By Stacy Melanie Jerger (@ApoideaEdits)
In May I guest-blogged at The Writers’ Creative about…well, a ton of stuff I do in developmental editing. But some of those things deserve their own post. Read Part 1: Principles Instead of Rules and Part 2: How I Feel About Your Manuscript.
In developmental editing, there is a whole other skill level required to help authors revise. It’s called the art of querying. Unlike copyediting where the editor corrects errors and is essentially a gatekeeper of grammar rules and preserving the English language, developmental editors rely more on asking the author questions, making suggestions for improvement, and helping to clarify intentions. This goes beyond “clarifying meaning.”
Querying is used for several reasons in copyediting and substantive (line) editing:
- Verifying a fact or bring an inaccuracy to the author’s attention
- Asking the author for additional info or to a solve a conflict within the text
- Confirming an interpretation of meaning (especially if the editor is not a subject-matter expert)
- Explaining a change and making sure the change hasn’t altered the author’s meaning (recasting, rewording, etc.)
- Explaining an editor’s addition or deletion of the text
In developmental editing, querying embodies all of the above and is also a form of communication in the revision process:
- To suggest changes and additions that contribute to the author’s goals
- To explain how a change benefits the story and its readers
- To allow authors to trace the changes and thought process of the editor
When we consider “changes,” that can encompass anything from character sympathy, strengthening suspense, to writing tone.
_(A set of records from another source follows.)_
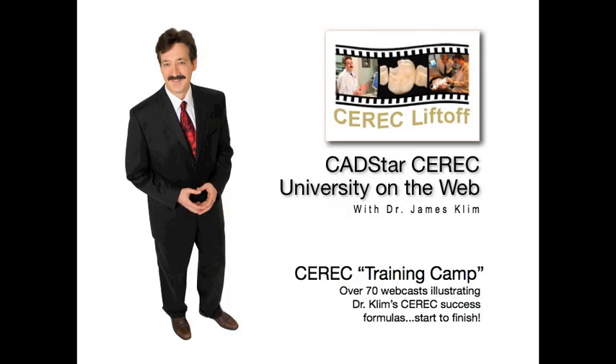You will find in CEREC Liftoff, which is our Catstar University online, that we go through this very thoroughly so you have a good understanding of it. But I just want to alert you that there is a difference.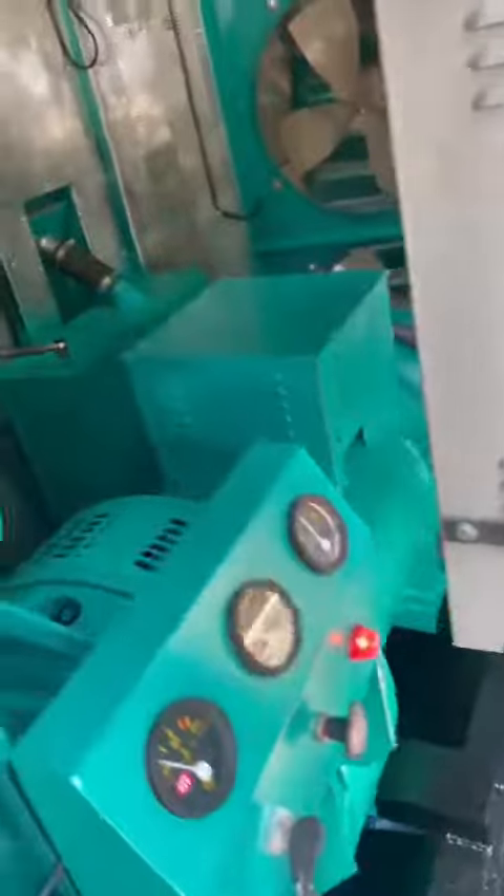This is the panel compartment, this is the engine, and this is the alternator — with all safety features.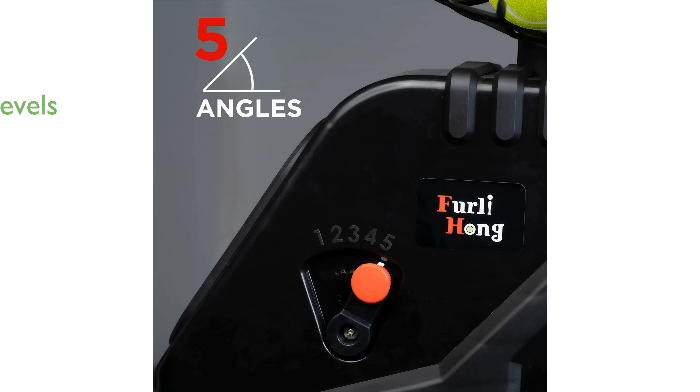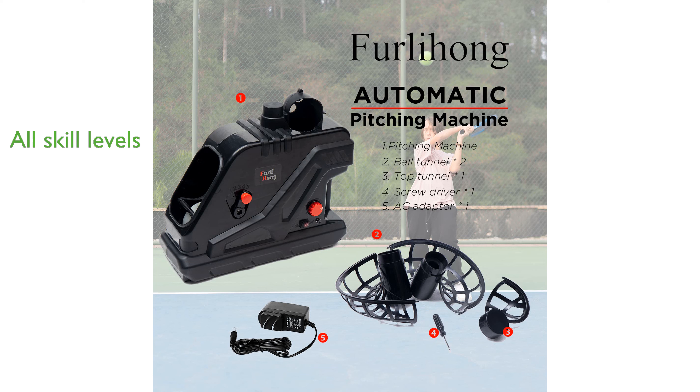Designed for players of all skill levels, this machine helps elevate your tennis abilities through consistent practice. Its portable design and adjustable features make the Furley Hong 3809BH an excellent choice for anyone looking to improve their tennis skills.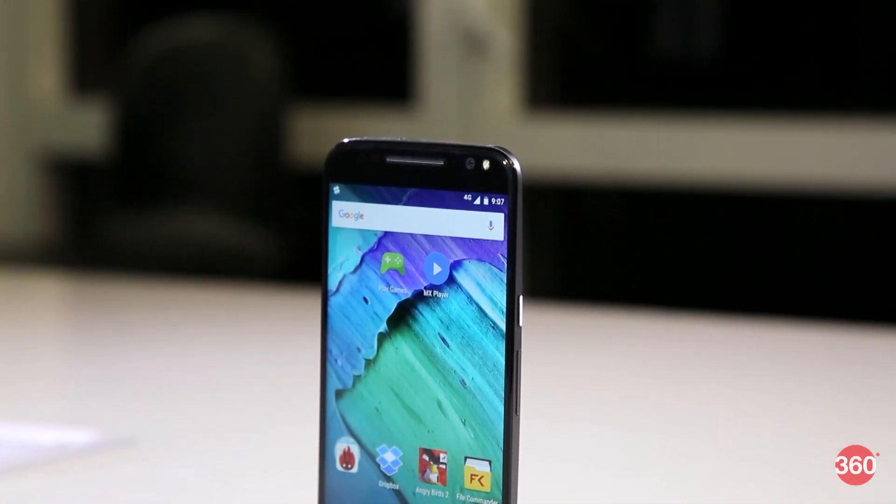This is Roydan with Gadgets 360 and this is a review of the Moto X style. Motorola has reserved their Moto X moniker for their flagship phones, however this year we've seen a slight change in that philosophy. The company launched two handsets with the Moto X branding: the Moto X Play, which is more of a budget upper mid-range phone, and of course the style, which is the new flagship.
My queries and comments can be quite frequent and long because I’m working on a creative level that needs to meet the author’s approval.
Additionally, it’s important for the author to know that my suggestions and adjustments are there to serve the author, not my own interests. A developmental editor such as myself needs to be flexible. It’s not about an editor’s preference—it’s about solving problems in the text.
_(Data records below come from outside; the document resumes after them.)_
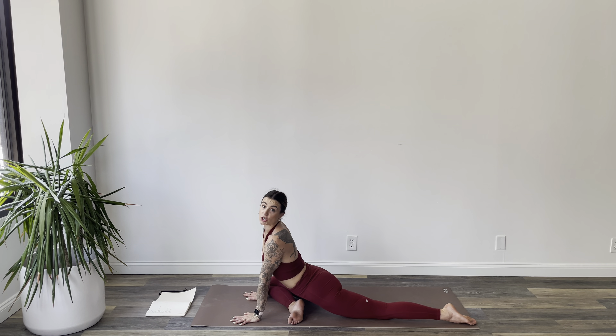So as you inhale, come to straight arms — flat back. Exhale, bow. Inhale lift, exhale bow. Two more — inhale, exhale, inhale, exhale. Let's just stay in the exhale — take a moment to fold and bow and breathe. Draw your belly in to make space for your fold.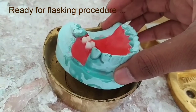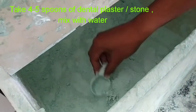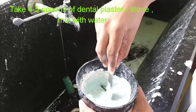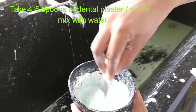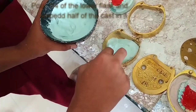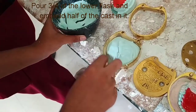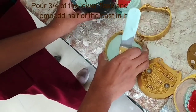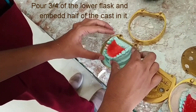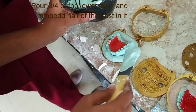Let's begin with the procedure. First we will take the plaster material, as much as is required to fill the lower unit of the flask, mix it with water, and pour it into the lower unit — almost three-quarters full. Now we will put our cast in it so that half of the portion remains open.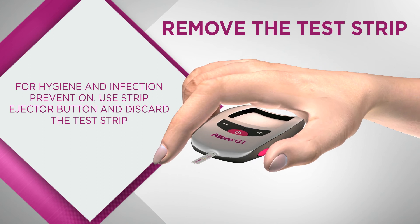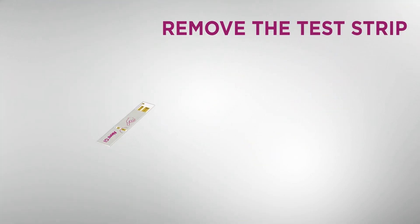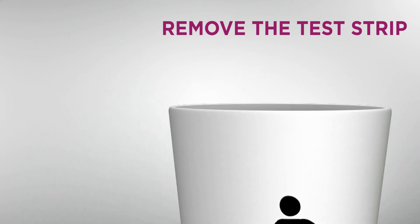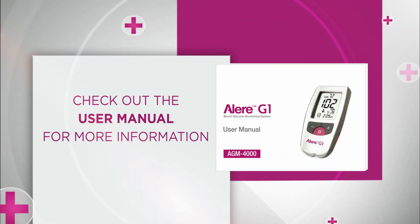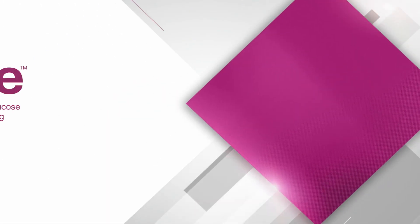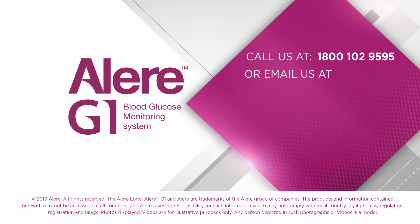Now discard the used test strip safely for your hygiene and infection prevention. Allergy One has a special strip ejector — press the button and dispose of the strip directly in the dustbin. Dispose of the used lancet safely. You will find more information in the user manual that came with your meter. We hope you find it easy. For any questions, do call us at 1-800-102-9595 or write to us at allergy1.india@alere.com.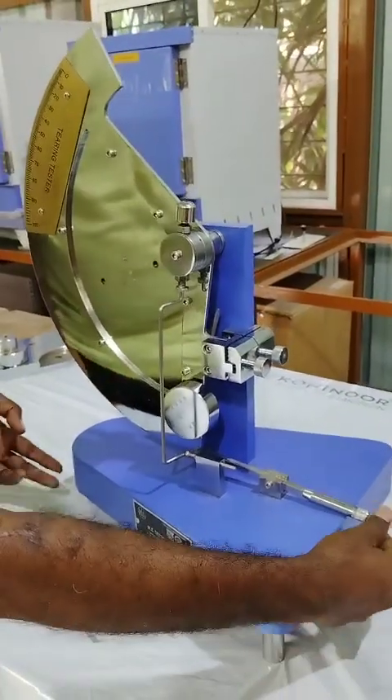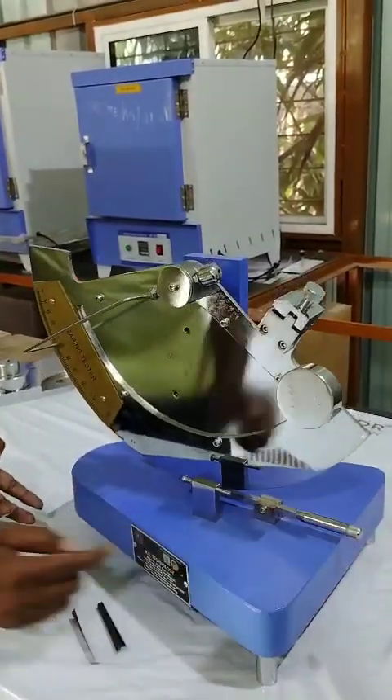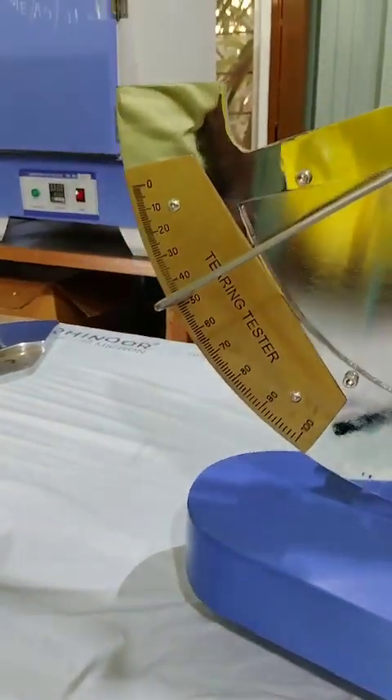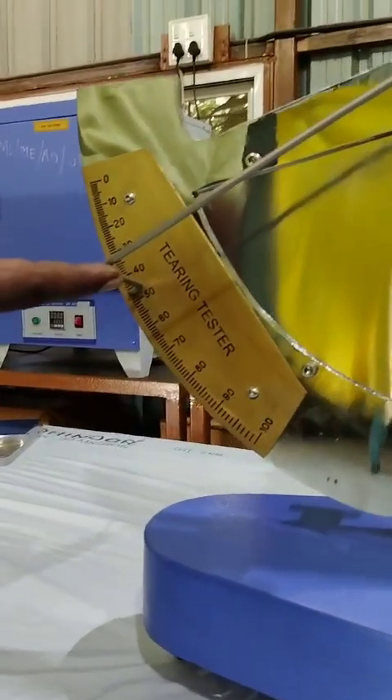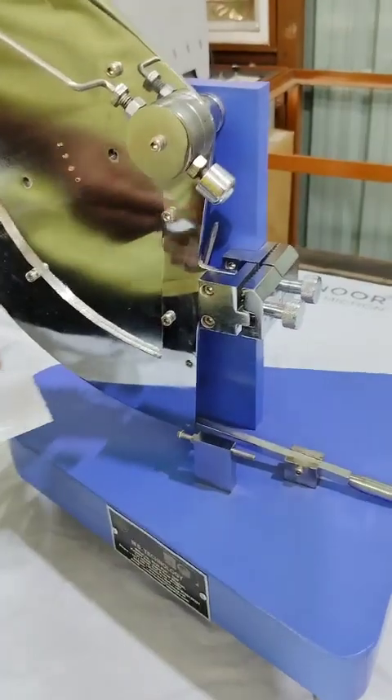Now, release the pendulum and observe the reading. It is at 45 — the reading is 45. Note down the reading.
Here’s what a typical amount of querying looks like in my editing (assuming most of the big chunks of content are organized).
I’ve mentioned the reasons why querying is necessary, but it requires skill in developmental editing because suggestions are judgment calls. There is less doing (grammar fixes that don’t need explanation) and more querying (clarifying, suggesting, rewording, adding transitions—tasks that need explanation).
Additionally, my tone is just as important. I always try to be aware and careful as to how my tone will be received, especially to a nervous writer.
1. I approach queries with a positive attitude. Don’t forget that we’re here to support the writer above anything else. My mindset is geared toward how an edit is helpful rather than pointing out the flaw.
For instance, saying “this is difficult to understand” doesn’t help the writer at all. I approach it as “I rephrased so readers can understand that …”
2. I suggest and ask the writer, not demand or tell the writer what to do. A lot of my suggestions are meant to help the author strengthen connections and to fill in missed opportunities. It requires a lot of hedging and open-mindedness in my tone.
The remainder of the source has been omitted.